Bolsonaro brigou com o PSL para criar o seu próprio partido. Jogou pela janela uma legenda com 53 deputados e uma caixa registradora de R$ 359 milhões, somando os fundos partidário e eleitoral. O presidente não conseguiu tirar a sua legenda do papel. Ficou sem partido e sem dinheiro. Foi à disputa municipal como um franco-atirador. Errou a maioria dos alvos. Saiu do processo eleitoral menor. Ficou entendido que aquele eleitorado que queria chutar o balde em 2018 agora está à procura de alguma estabilidade.

Intimado pela conjuntura a se reposicionar em cena, Bolsonaro se aproxima da segunda metade do seu governo à procura de um partido. A lógica restringe a margem de manobra do presidente.

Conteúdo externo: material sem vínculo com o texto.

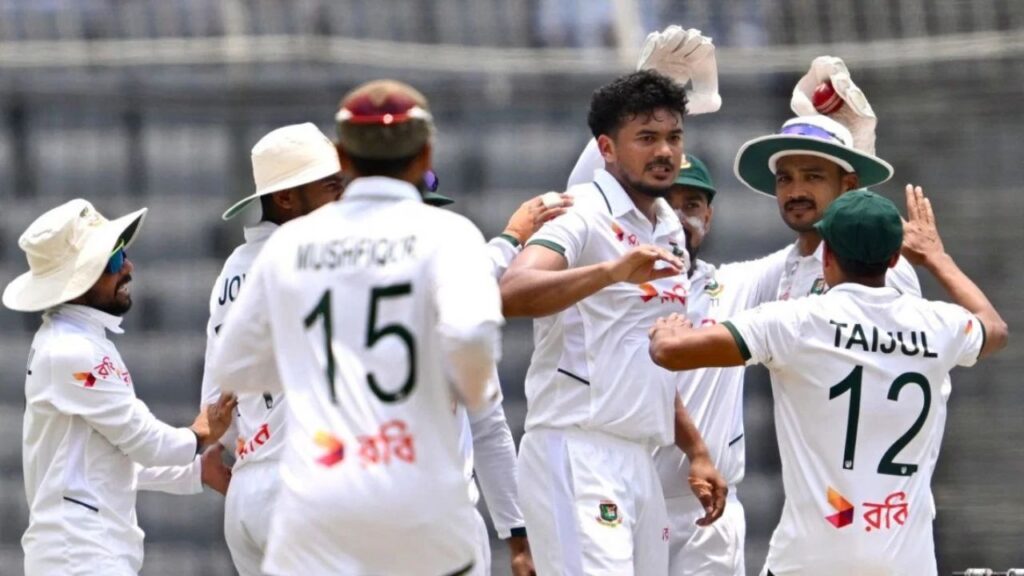 Pakistan Boosted as Bangladesh Star Ruled Out of Sylhet Test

Ele está diante de uma bifurcação. Ou volta para o PSL ou senta praça numa das legendas do centrão. Bolsonaro já passou por nove partidos. Ficou mais tempo no PP, epicentro do centrão. A despeito disso, demonizou o grupo na campanha presidencial. Impossível enxergar racionalidade no vaivém de Bolsonaro.

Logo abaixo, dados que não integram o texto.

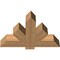 Ekena Millwork Kennewick Timber Gable Bracket, Western Red Cedar, 36"W x 24"H x 5 1/2"D x 5 1/2"F, 16/12 Pitch GBW036X24X0606KEN00SWR - alternate 4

Em 2018, havia no projeto presidencial de Bolsonaro uma teatralização do novo. A bordo do seu sétimo mandato parlamentar, o candidato apresentou-se como uma fulgurante novidade, única alternativa radical contra os maus costumes. Fez pose de candidato antissistema. Mantido o ritmo atual, chegará a 2022 sem maquiagem, no colo do centrão, com a imagem da família bem rachadinha. O eleitorado verá que, no Brasil, o novo na política é uma coisa muito antiga.

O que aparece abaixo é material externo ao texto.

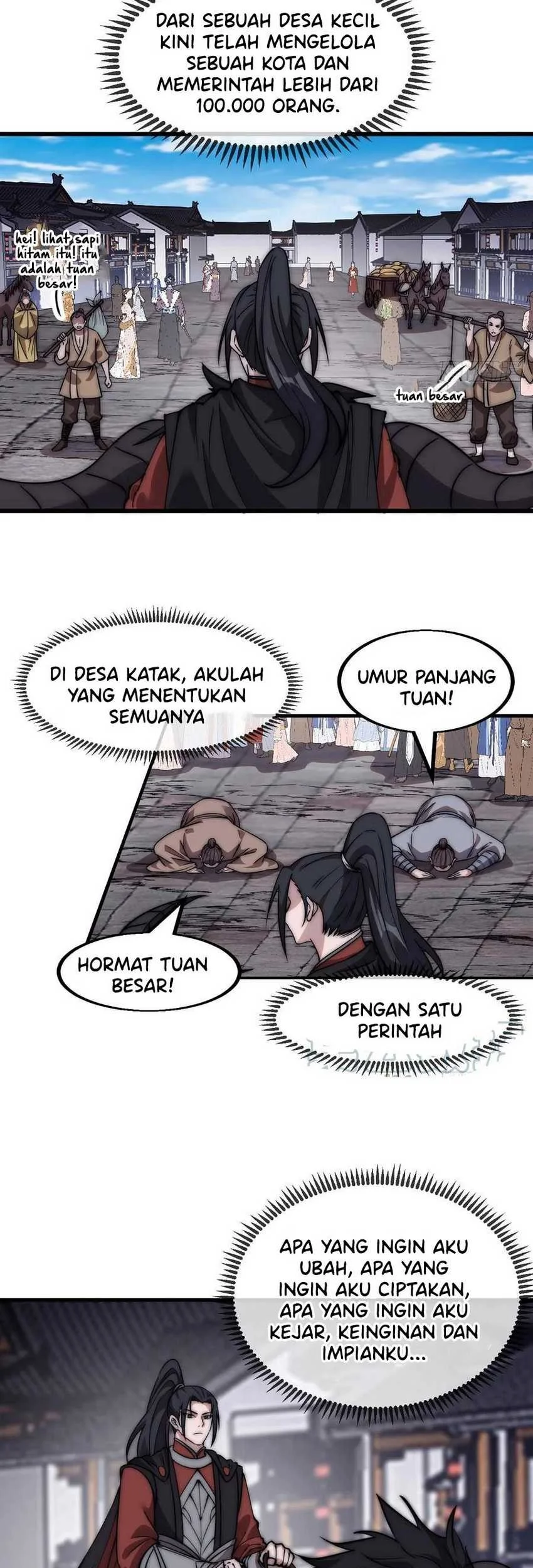 It Starts With A Mountain Chapter 493 Gambar 17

Bolsonaro ensaia piti à moda Trump para 2022

Bolsonaro descobriu uma forma inusitada de prever o que está por vir. Ele cria o seu próprio futuro. Esboça para 2022 um rebuliço nos moldes do que Donald Trump promove nos Estados Unidos. Questiona desde logo a confiabilidade do sistema eleitoral brasileiro. Insinua que há fraudes sem exibir um mísero vestígio de prova.

"Temos que ter um sistema de apuração que não deixe dúvidas", disse Bolsonaro a um grupo de devotos. "Tem que ser confiável e rápido", ele acrescenta. "Não [pode] deixar margem para suposições." O presidente realçou o fato de que as urnas eletrônicas são uma peculiaridade brasileira. Como se o Brasil não fosse capaz de produzir algo que preste.

Para Bolsonaro, o voto só será seguro se for impresso. No último dia 9 de março, em visita aos estados Unidos, o presidente disse que só não venceu a eleição presidencial no primeiro turno porque houve fraude eleitoral. Assegurou que dispunha de provas. Prometeu mostrá-las. "Fui eleito no primeiro turno", disse Bolsonaro, em timbre categórico. "Teve fraude. E nós temos não apenas palavras, nós temos comprovado. Brevemente eu quero mostrar."

Decorridos oito meses, as provas que Bolsonaro exibiria em breve ainda não surgiram. Não vieram à luz porque não existem. Não há evidência de fraude nas urnas brasileiras. Ao contrário. Na campanha em que Aécio Neves foi derrotado por Dilma Rousseff, o tucanato duvidou do resultado. Pediu e obteve autorização para virar as urnas do avesso. Promoveu uma vasta auditoria. E deu o braço a torcer.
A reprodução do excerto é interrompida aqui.